La escalada del conflicto en Oriente Medio vuelve a sacudir a los mercados internacionales y coloca al petróleo en el centro de la escena económica global. Analistas advierten que un cierre del Estrecho de Ormuz podría disparar el precio del crudo hasta los 150 dólares por barril, generando un fuerte impacto en la inflación mundial, las tasas de interés y los mercados financieros.
Actualmente, el barril de Brent ya supera los 110 dólares, mientras que el West Texas Intermediate (WTI) se mantiene por encima de los 107 dólares. Se trata del aumento más acelerado desde la década de 1980. Desde el inicio de la actual crisis en Oriente Medio, ambos indicadores acumulan subas del 50% y 60%, respectivamente.
El factor determinante detrás de este salto no es la escasez física de petróleo, sino la creciente prima de riesgo asociada al estrecho de Ormuz, una vía marítima estratégica por la que transita cerca del 20% del comercio mundial de crudo. La creciente tensión entre Estados Unidos e Irán elevó la preocupación por posibles interrupciones en el transporte energético.
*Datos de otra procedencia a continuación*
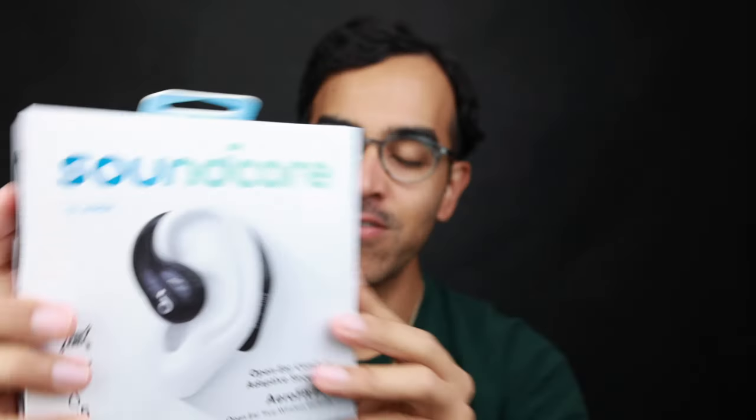Back at it again with another product from Soundcore by Anker — these are the AeroFit Pros. There's one major thing about these that I absolutely love, and it's probably obvious already, but there are also two things that really make it hard to justify the price. This is going to be my full review. I'm going to keep it short and simple because this was an easy product to test, and there wasn't much on the technical side to cover.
A esta situación se suma la reducción de la producción en varios países del Golfo. Irak recortó su producción en aproximadamente un 60%, mientras que Kuwait comenzó a aplicar medidas similares. Esto empezó a tensar el mercado físico del petróleo y a alimentar las proyecciones más pesimistas. En ese contexto, el ministro de Energía de Qatar, Saad Al‑Kaabi, advirtió que un cierre prolongado de las exportaciones energéticas del Golfo podría empujar el precio del crudo hasta los 150 dólares por barril.
Diferencias entre Brent y WTI
La crisis geopolítica también amplió la brecha entre los dos principales indicadores petroleros. El Brent, más expuesto al suministro de Oriente Medio, lidera las subas, mientras que el WTI avanza con menor velocidad gracias al peso de la producción interna estadounidense.
Según analistas del mercado energético, esta diferencia refleja que el problema central no es la disponibilidad global de petróleo, sino los riesgos asociados al transporte y la seguridad marítima en la región. El aumento del petróleo impulsado por el temor geopolítico suele desencadenar un ciclo de aversión al riesgo en los mercados. Ante ese escenario, los inversores tienden a refugiarse en el dólar, provocando caídas en acciones, bonos y otros activos financieros.

Un barril a 150 dólares implicaría mayores presiones inflacionarias en todo el mundo y podría obligar a la Reserva Federal de Estados Unidos a mantener tasas de interés elevadas durante más tiempo, encareciendo el crédito y afectando el crecimiento económico global.
A diferencia de crisis anteriores, la capacidad de reacción del sistema energético parece hoy más limitada. La alianza OPEP+ mantiene una estrategia de producción cautelosa, mientras que las petroleras estadounidenses priorizan la rentabilidad y la disciplina financiera por encima de la expansión de la oferta. Este nuevo escenario deja al mercado con una oferta relativamente estable, pero poco flexible ante shocks geopolíticos.
Para los analistas, el mensaje es claro: el petróleo dejó de responder únicamente a la lógica clásica de oferta y demanda. En un mundo atravesado por tensiones geopolíticas, inflación persistente y políticas monetarias restrictivas, el precio del crudo se consolida cada vez más como un termómetro del riesgo global.